Wolff sieht Start für Hamilton als Schlüsselmoment
Wolff sieht nun den Start als Schlüsselmoment: "Alles hängt davon ab", sagt der Österreicher gegenüber 'Sky Sports F1'. "Wenn er auf Platz acht bleibt, wird es schwierig. Wenn er sich aber auf die Position drei oder vier vorarbeiten kann, dann hat er alle Chancen."
Vielleicht bringt ihn aber auch eine clevere Taktik nach vorne: Hamilton hat sich als einziger Q3-Pilot nicht für die weichste Mischung als Startreifen entschieden. Während also seine Gegner - sollte es trocken bleiben - mit dem Ultrasoft-Reifen losfahren, wird beim Mercedes-Piloten der Supersoft-Gummi aufgezogen. So könnte er seinen ersten Stint auf mehr als die geplanten 25 Runden ausdehnen und mit einem späten Stopp kampflos an seinen Gegnern vorbeigehen.
Wie Hamilton nach vorne kommen will
Genau das scheint auch der Plan des WM-Zweiten zu sein. "Ich starte auf den Supersofts. Das ist erst einmal der langsamere Reifen, aber wir können vielleicht länger damit fahren." Dazu kommt, dass Mercedes das Getriebeproblem Hamiltons und damit die Gridstrafe bis Freitagabend erfolgreich geheimgehalten hat. "Wir haben es schon am Dienstag gewusst", gibt Wolff zu. Der Grund: Ferrari hätte sein Rennen anders planen können, hätte man gewusst, dass Hamilton von weiter hinten losfährt.
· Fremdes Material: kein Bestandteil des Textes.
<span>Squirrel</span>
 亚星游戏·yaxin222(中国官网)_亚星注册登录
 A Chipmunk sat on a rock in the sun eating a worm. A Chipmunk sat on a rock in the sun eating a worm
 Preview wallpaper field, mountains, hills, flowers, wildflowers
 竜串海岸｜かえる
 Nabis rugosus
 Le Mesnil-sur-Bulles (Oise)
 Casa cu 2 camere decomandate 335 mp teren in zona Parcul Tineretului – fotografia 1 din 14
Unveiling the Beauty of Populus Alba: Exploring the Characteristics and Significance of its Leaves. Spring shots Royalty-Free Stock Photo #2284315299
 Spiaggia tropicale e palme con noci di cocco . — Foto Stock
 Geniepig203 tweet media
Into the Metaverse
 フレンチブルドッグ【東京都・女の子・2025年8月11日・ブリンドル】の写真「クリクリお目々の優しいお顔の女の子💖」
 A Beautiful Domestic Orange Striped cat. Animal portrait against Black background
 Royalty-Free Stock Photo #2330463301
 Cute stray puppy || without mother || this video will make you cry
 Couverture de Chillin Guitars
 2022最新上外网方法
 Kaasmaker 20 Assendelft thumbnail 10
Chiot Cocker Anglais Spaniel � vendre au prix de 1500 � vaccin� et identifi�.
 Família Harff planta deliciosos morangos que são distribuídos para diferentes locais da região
Hamiltons Ziel für das Rennen? "Ich will natürlich nach vorne und einen Doppelsieg mit Valtteri holen. Dafür gebe ich alles." In welcher Reihenfolge die beiden Mercedes-Piloten ins Ziel kommen sollen, sagt Hamilton nicht.
Warum das Überholen schwierig wird
Überholen wird in Spielberg vermutlich schwierig, obwohl der Stop-and-Go-Kurs in den Alpen bislang immer wieder spannende Rennen zugelassen hat. Das weiß auch Lauda: "Ich erinnere mich an andere Kurse, auf denen es hieß, dass man gut überholen kann, und dann ging es doch nicht." Das Problem: Die drei Gummimischungen lassen zu ähnliche Rundenzeiten zu. Der Unterschied zwischen Ultrasoft und Supersoft wird von Pirelli auf nur drei Zehntel geschätzt - bei Supersoft und Soft könnte es sich ähnlich verhalten.
Als Hamilton darauf angesprochen wird, dass er es 2014 schon einmal von Platz neun auf Platz schaffte, erklärt er außerdem, dass es damals "zwischen uns und den anderen Autos größere Speed-Unterschiede gab". Dadurch sei ein Durchmarsch "heute unwahrscheinlicher als damals".
Mercedes rechnet mit starkem Vettel
Doch wie sieht es im Kampf um den Sieg aus? Hat Bottas, der als erster Finne seit Mika Häkkinen im Jahr 2000 in Spielberg die Pole-Position holte, die bessere Karten, oder darf am Sonntag Vettel über seinen vierten Saisonsieg jubeln, womit er mit Hamilton gleichziehen würde? "Sebastian war heute schon ziemlich stark", warnt Wolff davor, Ferrari zu unterschätzen. "Ich denke, die beiden Autos vorn sind ebenbürtig. Ich glaube, dass hier morgen ein Ferrari oder ein Mercedes gewinnen kann."
Und auch Bottas, der am Freitag den schnellsten Longrun von allen auf der Supersoft-Mischung absolvierte und als Spielberg-Spezialist gilt, hat seinen zweiten Saisonsieg nach Barcelona ganz klar im Visier: "Es sollte ein interessanter Kampf werden." Der Finne schreibt aber auch Hamilton nicht ab: "Ich bin mir sicher, dass Lewis noch ein gutes Rennen und die Chancen haben kann, zurückzuschlagen. Das gäbe gute Punkte für da Team."